Born in Long Beach, California in 1944, Richard Mock died on July 28, 2006 in Brooklyn, New York.

He learned lithography and block printing at the University of Michigan, while studying on a football scholarship.  Mock earned a Bachelor's Degree  in 1965,  and had his first solo exhibition in 1972 in Soho, New York, where he resided since 1968.  An invitation to the 1973 Whitney Biennial followed in 1973, and in 1980 he participated in the Times Square Show, the same year he was the official portrait painter of the Winter Olympics in Lake Placid.

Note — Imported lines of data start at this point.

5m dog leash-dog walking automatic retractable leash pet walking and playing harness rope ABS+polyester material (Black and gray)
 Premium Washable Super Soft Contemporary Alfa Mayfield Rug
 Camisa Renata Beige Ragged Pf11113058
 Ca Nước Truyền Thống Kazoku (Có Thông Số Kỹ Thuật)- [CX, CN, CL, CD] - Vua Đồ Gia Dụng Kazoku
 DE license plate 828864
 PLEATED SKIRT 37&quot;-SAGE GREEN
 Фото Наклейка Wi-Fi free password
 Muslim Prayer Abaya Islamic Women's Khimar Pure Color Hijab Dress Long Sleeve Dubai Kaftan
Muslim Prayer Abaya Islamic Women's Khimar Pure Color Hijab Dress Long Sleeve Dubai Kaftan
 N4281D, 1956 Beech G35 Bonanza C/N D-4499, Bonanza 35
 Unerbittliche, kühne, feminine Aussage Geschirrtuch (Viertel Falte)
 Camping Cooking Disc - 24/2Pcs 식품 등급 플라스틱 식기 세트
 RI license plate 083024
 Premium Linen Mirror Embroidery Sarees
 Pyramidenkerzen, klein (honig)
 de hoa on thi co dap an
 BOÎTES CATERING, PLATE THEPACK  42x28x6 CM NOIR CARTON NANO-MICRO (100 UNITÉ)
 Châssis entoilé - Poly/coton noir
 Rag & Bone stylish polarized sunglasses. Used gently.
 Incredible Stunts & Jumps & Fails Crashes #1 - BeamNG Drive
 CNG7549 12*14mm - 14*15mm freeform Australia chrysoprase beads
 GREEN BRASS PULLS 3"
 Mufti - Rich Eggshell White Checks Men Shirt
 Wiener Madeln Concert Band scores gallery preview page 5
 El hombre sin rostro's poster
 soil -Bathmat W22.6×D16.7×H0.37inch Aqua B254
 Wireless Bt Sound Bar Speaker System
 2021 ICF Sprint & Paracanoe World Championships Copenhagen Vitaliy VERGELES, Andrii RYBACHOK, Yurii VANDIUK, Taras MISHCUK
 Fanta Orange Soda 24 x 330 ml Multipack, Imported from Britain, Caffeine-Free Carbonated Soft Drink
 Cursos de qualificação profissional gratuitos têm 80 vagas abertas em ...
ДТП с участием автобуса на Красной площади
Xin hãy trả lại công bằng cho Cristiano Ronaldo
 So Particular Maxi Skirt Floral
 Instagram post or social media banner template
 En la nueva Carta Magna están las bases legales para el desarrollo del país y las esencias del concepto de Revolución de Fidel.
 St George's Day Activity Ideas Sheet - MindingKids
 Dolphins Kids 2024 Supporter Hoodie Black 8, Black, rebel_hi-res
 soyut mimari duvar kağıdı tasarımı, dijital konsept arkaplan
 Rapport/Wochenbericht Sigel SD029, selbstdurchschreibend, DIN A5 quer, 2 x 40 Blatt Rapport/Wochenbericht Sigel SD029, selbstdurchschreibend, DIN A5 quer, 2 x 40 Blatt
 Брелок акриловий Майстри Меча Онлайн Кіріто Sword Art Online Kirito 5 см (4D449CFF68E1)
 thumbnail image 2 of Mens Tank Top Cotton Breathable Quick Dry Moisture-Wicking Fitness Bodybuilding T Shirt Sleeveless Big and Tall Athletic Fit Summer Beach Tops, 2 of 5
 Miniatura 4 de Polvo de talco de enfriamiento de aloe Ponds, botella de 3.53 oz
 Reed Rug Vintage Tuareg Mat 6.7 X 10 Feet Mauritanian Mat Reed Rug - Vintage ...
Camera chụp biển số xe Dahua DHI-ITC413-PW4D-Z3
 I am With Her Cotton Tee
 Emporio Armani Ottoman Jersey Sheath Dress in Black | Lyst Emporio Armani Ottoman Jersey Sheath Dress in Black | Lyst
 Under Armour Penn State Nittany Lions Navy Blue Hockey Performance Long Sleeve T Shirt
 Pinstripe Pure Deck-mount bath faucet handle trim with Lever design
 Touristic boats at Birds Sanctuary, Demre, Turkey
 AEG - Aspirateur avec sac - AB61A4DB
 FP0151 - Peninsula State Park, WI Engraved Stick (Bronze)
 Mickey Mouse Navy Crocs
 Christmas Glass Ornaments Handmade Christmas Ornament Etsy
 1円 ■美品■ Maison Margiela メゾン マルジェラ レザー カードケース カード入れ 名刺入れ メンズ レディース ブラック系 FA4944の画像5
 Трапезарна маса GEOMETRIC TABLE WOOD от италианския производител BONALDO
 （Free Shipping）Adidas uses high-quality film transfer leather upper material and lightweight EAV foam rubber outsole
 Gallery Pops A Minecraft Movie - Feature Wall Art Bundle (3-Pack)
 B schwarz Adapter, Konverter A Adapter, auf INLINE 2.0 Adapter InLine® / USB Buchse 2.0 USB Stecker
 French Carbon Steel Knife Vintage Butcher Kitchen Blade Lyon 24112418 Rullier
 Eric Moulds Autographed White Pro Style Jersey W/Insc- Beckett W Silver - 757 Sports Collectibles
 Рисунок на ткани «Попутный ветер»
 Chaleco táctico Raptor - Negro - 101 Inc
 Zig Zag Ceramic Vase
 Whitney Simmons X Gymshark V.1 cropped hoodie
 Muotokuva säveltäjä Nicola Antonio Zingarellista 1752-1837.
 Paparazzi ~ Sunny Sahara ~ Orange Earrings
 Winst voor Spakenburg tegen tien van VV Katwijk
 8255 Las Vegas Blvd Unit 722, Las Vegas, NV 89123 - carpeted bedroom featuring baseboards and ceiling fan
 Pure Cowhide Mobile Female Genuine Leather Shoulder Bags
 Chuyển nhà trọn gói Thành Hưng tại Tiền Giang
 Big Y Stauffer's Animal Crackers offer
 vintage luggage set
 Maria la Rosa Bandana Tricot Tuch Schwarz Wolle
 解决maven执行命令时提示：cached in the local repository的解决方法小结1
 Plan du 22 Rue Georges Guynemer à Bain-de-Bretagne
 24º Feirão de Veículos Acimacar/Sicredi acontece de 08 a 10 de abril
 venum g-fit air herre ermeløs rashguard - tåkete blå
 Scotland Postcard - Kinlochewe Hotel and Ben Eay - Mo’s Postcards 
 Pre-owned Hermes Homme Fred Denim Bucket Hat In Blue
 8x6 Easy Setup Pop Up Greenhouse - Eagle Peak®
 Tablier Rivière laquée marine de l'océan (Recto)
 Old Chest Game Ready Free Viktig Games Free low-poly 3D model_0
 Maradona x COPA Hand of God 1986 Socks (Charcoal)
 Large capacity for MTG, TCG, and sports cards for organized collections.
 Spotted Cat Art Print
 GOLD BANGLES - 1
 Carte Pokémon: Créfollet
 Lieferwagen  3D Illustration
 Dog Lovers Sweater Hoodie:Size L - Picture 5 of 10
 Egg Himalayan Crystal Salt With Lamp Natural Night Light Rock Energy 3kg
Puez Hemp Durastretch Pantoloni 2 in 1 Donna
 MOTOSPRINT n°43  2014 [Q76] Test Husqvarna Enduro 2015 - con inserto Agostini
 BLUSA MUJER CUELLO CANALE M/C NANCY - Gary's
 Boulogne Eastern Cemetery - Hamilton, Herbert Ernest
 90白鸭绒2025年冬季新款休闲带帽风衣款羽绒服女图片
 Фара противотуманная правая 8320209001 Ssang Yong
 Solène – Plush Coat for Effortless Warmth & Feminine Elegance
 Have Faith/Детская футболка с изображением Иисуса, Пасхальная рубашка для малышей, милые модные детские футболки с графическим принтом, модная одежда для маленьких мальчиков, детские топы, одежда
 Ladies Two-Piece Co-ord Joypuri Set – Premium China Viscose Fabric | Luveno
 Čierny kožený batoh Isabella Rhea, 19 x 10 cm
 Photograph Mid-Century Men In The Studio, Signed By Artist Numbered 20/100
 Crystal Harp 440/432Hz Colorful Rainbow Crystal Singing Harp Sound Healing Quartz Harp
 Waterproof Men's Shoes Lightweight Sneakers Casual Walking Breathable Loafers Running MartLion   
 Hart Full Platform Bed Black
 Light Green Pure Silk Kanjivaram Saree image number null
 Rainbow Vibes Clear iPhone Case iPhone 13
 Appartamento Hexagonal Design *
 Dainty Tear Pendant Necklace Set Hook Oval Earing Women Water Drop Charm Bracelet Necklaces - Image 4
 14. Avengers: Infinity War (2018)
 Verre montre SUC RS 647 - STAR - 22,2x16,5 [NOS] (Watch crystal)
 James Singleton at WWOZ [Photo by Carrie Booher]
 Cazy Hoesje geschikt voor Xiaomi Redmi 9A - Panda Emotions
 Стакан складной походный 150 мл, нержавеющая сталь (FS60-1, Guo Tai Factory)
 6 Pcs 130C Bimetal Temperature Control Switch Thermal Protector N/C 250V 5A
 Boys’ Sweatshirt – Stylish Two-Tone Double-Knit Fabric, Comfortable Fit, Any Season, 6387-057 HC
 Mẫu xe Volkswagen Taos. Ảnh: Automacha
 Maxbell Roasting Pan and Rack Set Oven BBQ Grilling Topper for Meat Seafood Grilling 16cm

An interest in politics led to a career in political cartooning, and Mock became well-known for his satiric linocut illustrations on political and social issues, which appeared between 1980 and 1996 on the Op-Ed page of the New York Times.

In the late 1990's, he created a sculpture series called "Money Lures," which consisted of large fishing lures made of commercially shredded American currency.

Mock taught art at New York public schools from 1998 to 2002, and his work was exhibited  in several venues in New York City.

Source:
Obituary The New York Times, August 11, 2006

Biography from Butler Institute of American Art:
Mock was a resident of Houston from the late 1960s to the early 1980s. He then moved to Brooklyn, New York.  His work appears in 55 newspapers and magazines.  From 1976 to 1996, his cartoons appeared regularly on the editorial page of  The New York Times.

His paintings have been collected by the following museums: the National Museum of Australia, The Metropolitan Museum of Art, New York, The Museum of Modern Art, New York, The Brooklyn Museum, The Museum of Fine Arts, Boston, The National Museum of Art, Washington, D.C., and the Victoria and Albert Museum, London.